I’d always been amazed by installing anything new into a place previously devoid of facility, be it tap, light switch, electrical outlet or as in this case a whole bathroom. Some might say that I have not done enough of this sort of work to loose that sense of wonder, of child like excitement and magic I felt, every time I completed an installation. That may well be true but which position would you prefer to find yourself in? One where you experienced magic in the mundane or one where repetition has turned the magical into the mundane? You see when I turned on that tap I had an overriding sense of gratitude. Not only for the fact that is had worked and was not leaking all over the floor but for the privilege of being able to have water come to me. Finally this room had gone from bedroom to bathroom from no running water, no tap, bath or toilet to literally having it all at my fingertips.

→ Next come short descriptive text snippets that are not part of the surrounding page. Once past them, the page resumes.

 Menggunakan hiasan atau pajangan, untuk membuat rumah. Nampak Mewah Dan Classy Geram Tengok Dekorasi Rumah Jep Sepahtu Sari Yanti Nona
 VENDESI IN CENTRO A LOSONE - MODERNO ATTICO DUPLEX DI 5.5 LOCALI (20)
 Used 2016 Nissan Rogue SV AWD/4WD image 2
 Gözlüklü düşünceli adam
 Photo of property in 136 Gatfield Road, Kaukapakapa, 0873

For some a tap bringing water would not only be magical it would be a miracle. For the one in ten people on this planet who don’t have access to clean running water this would be the greatest gift. Yet how quickly does it all become normal and just something else needing to be cleaned?

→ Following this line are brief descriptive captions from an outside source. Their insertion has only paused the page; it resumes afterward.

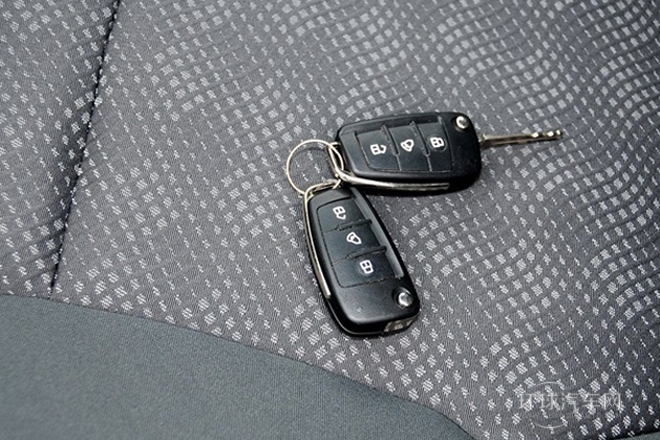 2013款 1.5L 手動舒適型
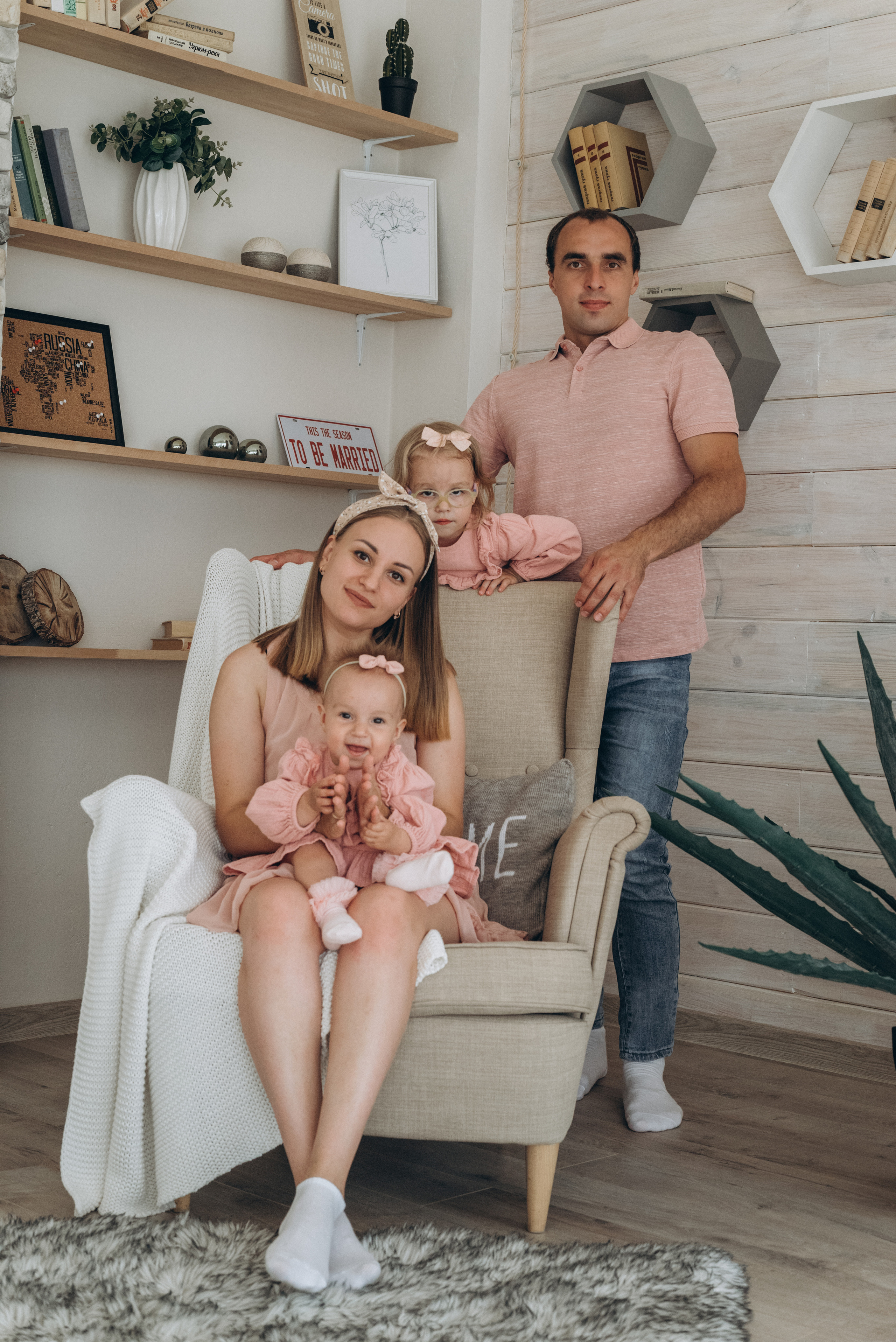 Семейная для Анастасии в студии. Семейный фотограф в Минске Дарья Дреко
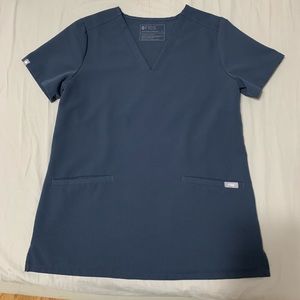 FIGS women's Sky Casma™ - Three-Pocket Scrub Top in Night Sky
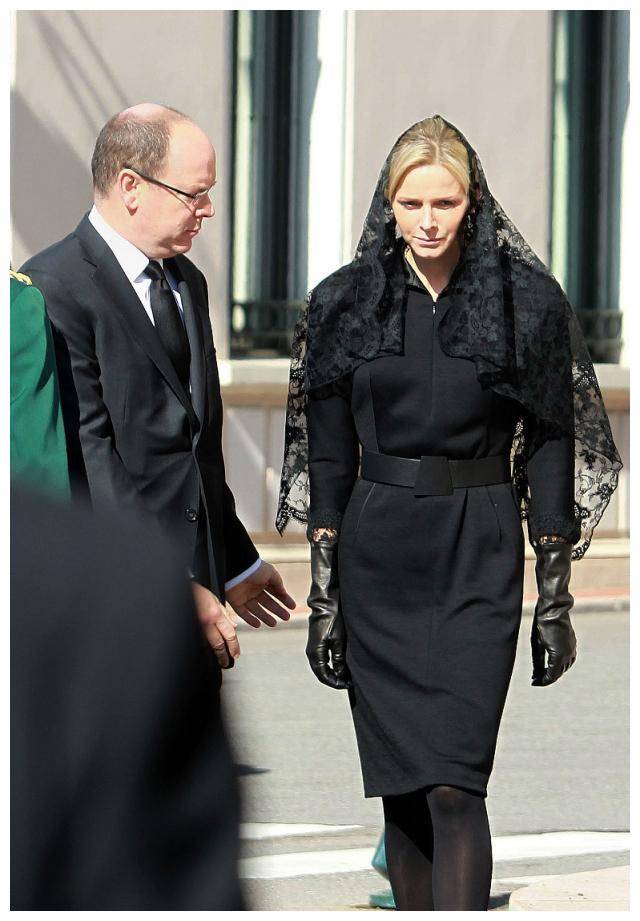 安托瓦内特就这么平稳晃过人生最后近30年直到91岁算是安详离世 夏琳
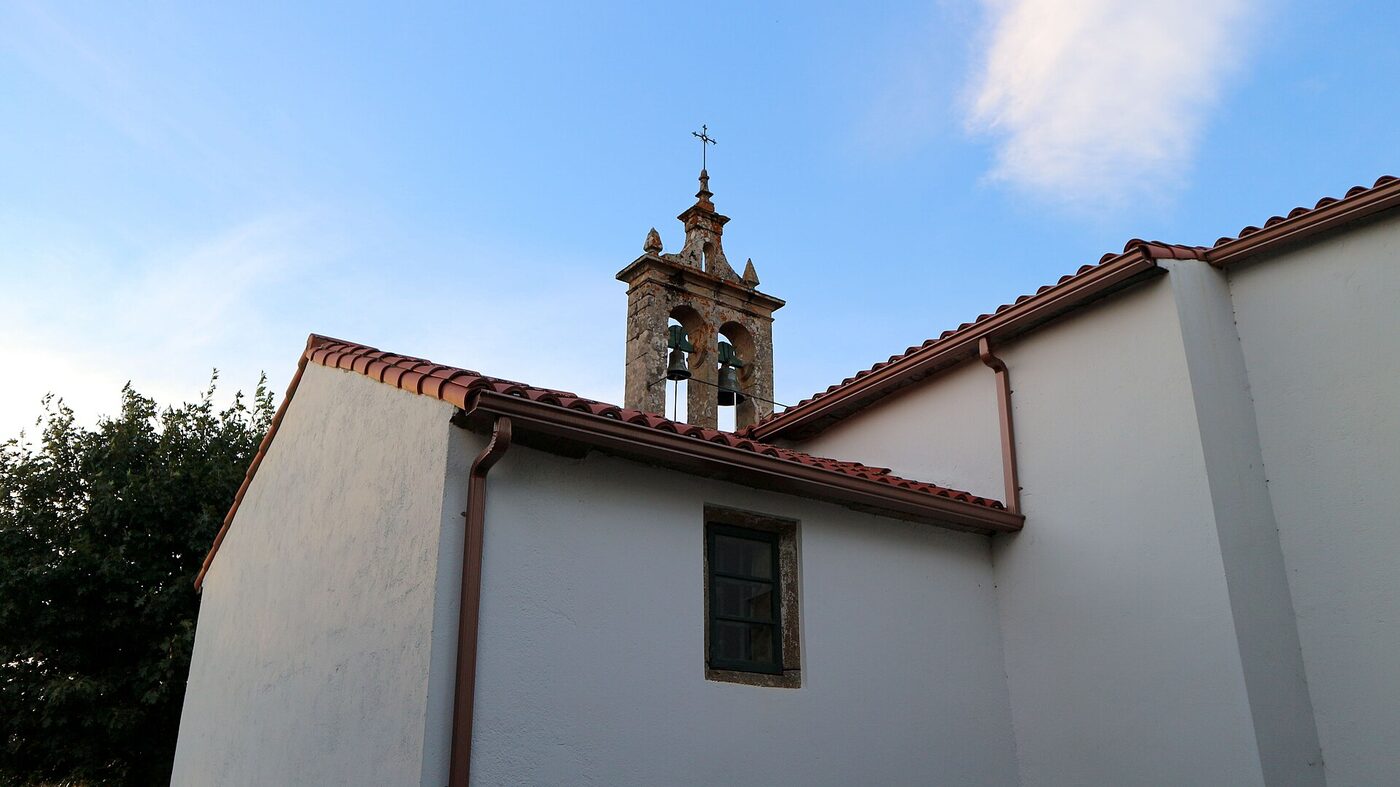 Igrexa de San Clemente de Mercurín en Ordes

As I look back I could cite enumerable examples where assumption has taken precious gifts in my life and turned them into “just stuff”, stuff so taken for granted that it no longer registered as I went about my day. Like that amazing feeling of freedom when you first pass your driving test, no longer beholden to another to get from A to B you aimlessly take to the road just because you can.

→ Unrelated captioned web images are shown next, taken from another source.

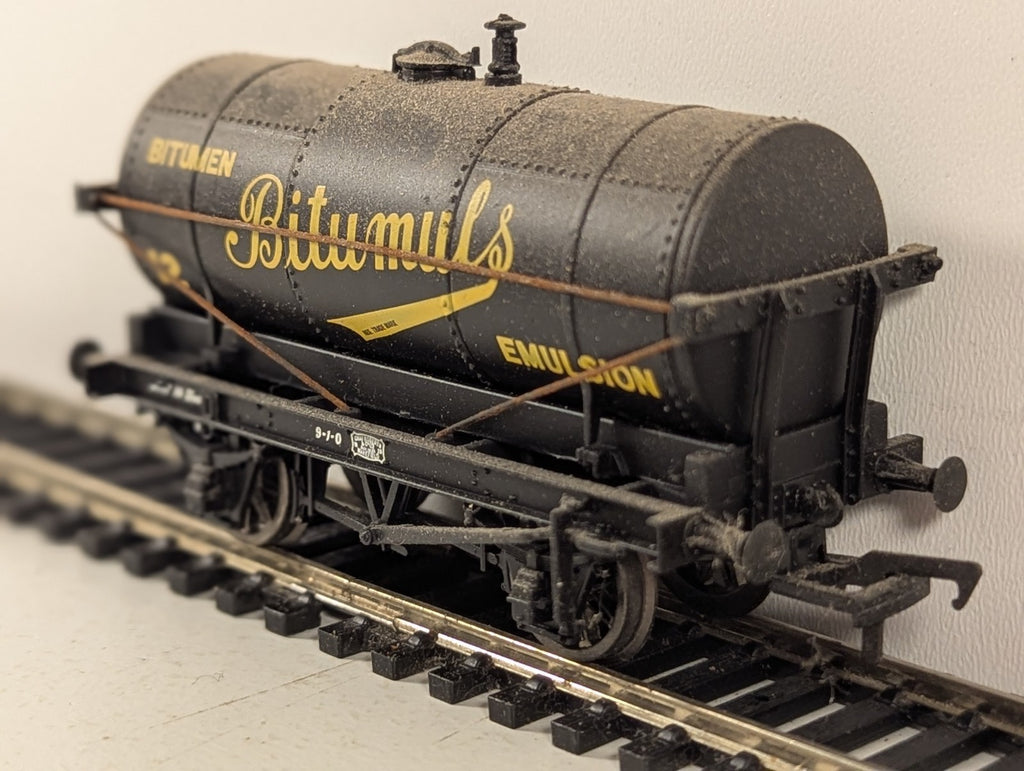 Bachmann OO Gauge 14 Ton Tank Wagon Bitumuls Goods Wagon 12 Bitumuls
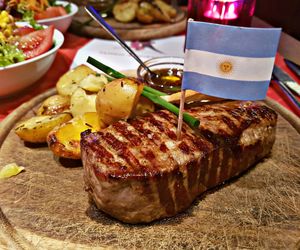 Ulubione potrawy papieża Franciszka – smak domu w sercu Watykanu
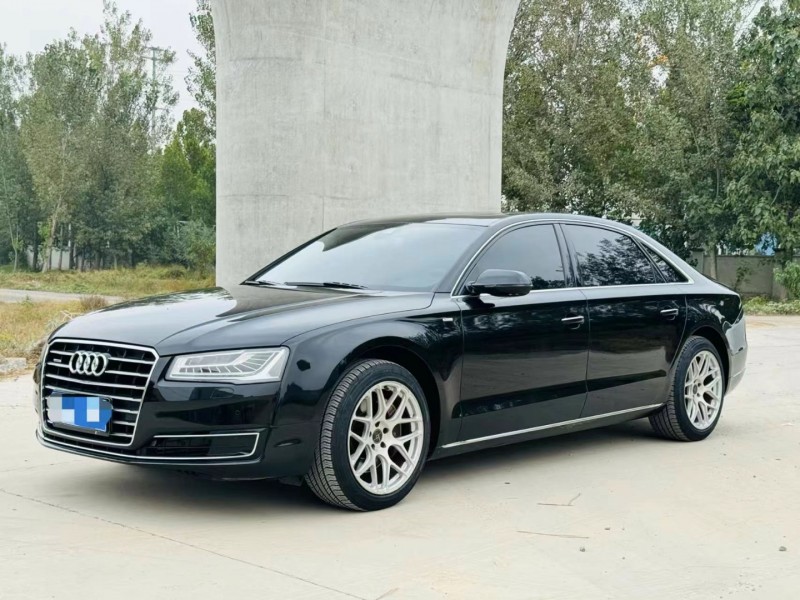 济宁16年奥迪A8L2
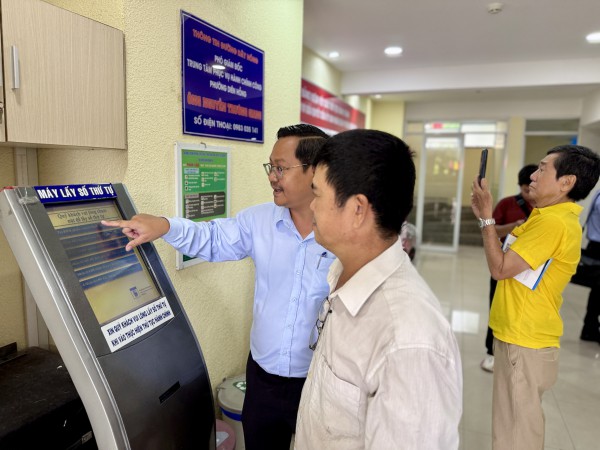 TP.HCM: Người dân hài lòng sau 10 ngày vận hành chính quyền địa phương 2 cấp TP.HCM: Người dân hài lòng sau 10 ngày vận hành chính quyền địa phương 2 cấp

So where did that amazing feeling go, what happened to the magic of motoring?  Well the thief came and stole it, the thief known as “Assumption” and with it he took our gratitude, our sense of wonder and the ability to just be in the moment and enjoy this newly discovered freedom.

“Ah yes, being in the moment!!!”  I spent many years meditating following the wise words of a spiritual teacher, hoping he would help me find my way to Nirvana. Yet till that moment in time the easiest way to be totally in the moment was when experiencing extreme pain. Like the tennis ball served at me from the racket of a very tall and strong opponent finding contact with my nether regions before my racket could intercept. At that point nothing else existed, past and future were of no concern, only now existed, only extreme pain. Assumption of what is to come can so easily take us out of the moment. Assuming the next moment, the next day, steals our ability to be present, racing ahead planning scheming, declaring that once I had sorted out… then I will be ok. But that moment often never comes…

 

Like many things in life, assumptions can be helpful at times and    hinder at others. It would be all but impossible to eradicate assumption from the human psyche and even if we could would it actually be of benefit? We may not be able to affect the assumptions of others but we can take stock and re-evaluate our own and how they have molded us into the people we are today. If we were able to enlist the assistance of hindsight how often would we discover that assumption had hindered more than it helped? As we continue with assumption under the microscope we see that they can often take us off course, erasing appreciation, negating gratitude. So rather than trying so hard in life to be grateful and appreciative and often falling short, maybe all we need to do is to stop assuming.

Assumptions may not always be of our own making; some may have been handed down, one generation to the next. Assumption is often the fertilizer that many things including prejudice are cultivated in.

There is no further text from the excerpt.